Go to the line below that has "Ann Taylor black velvet clutch NWTs", print it and each line after it exactly, and stop after the line that has "Patriots Jersey kobiety"; leave out pictures.

▶ RECORD EXTRACTS:
● ● ●
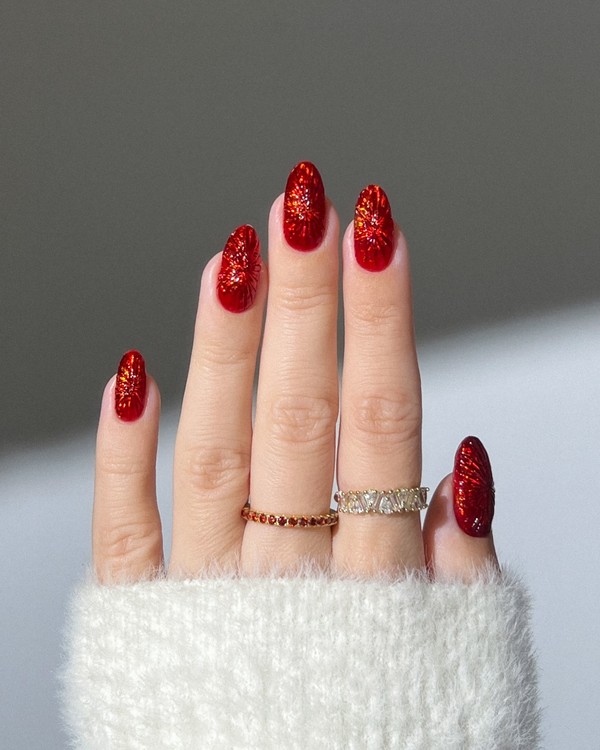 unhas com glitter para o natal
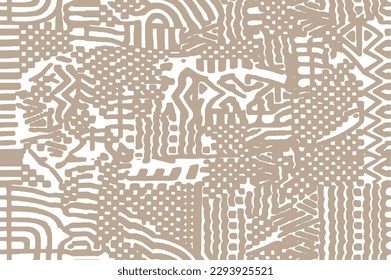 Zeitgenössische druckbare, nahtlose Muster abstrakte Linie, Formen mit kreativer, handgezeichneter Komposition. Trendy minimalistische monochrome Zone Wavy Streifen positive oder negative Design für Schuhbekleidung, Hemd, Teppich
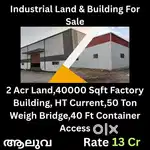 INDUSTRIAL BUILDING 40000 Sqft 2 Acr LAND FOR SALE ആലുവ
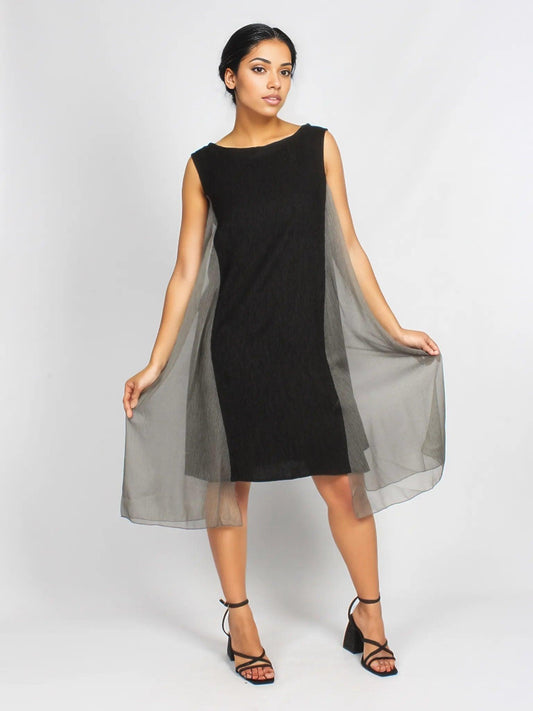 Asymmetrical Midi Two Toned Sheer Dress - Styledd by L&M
● ● ●
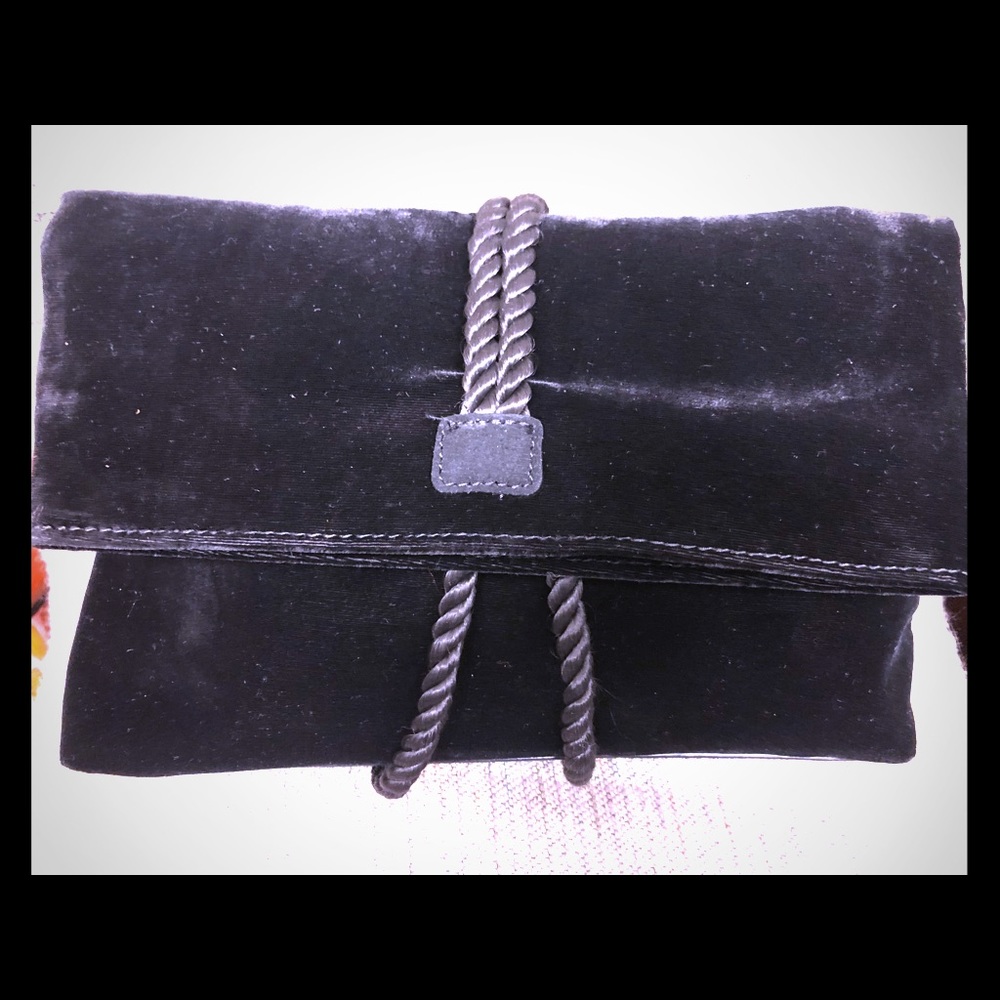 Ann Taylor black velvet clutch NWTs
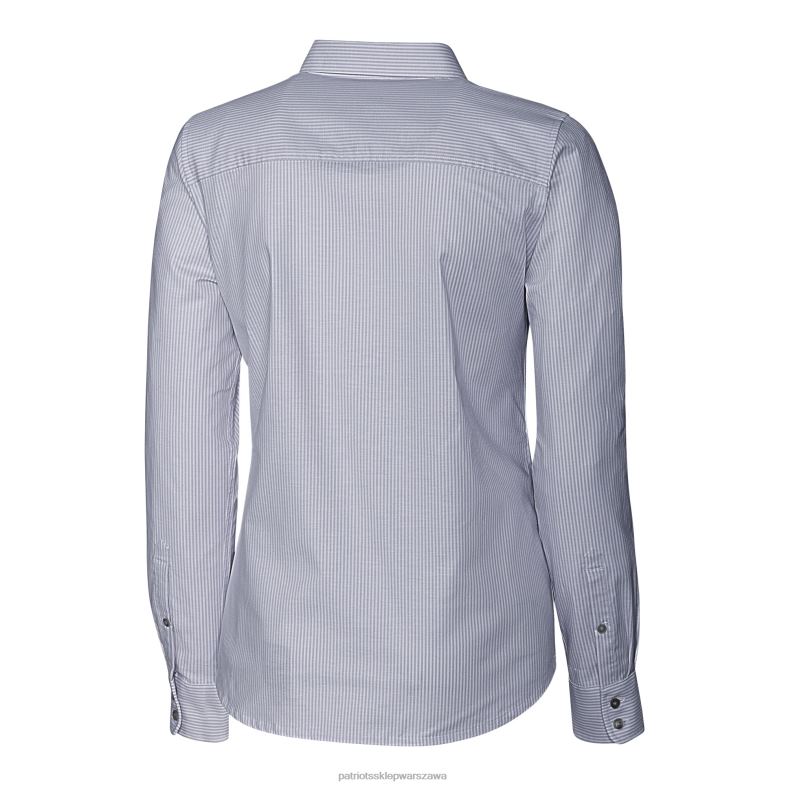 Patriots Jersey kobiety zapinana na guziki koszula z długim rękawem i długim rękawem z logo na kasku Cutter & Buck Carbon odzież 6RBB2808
● ● ●
▶ ANSWER SPACE:
 Ann Taylor black velvet clutch NWTs
 Patriots Jersey kobiety zapinana na guziki koszula z długim rękawem i długim rękawem z logo na kasku Cutter & Buck Carbon odzież 6RBB2808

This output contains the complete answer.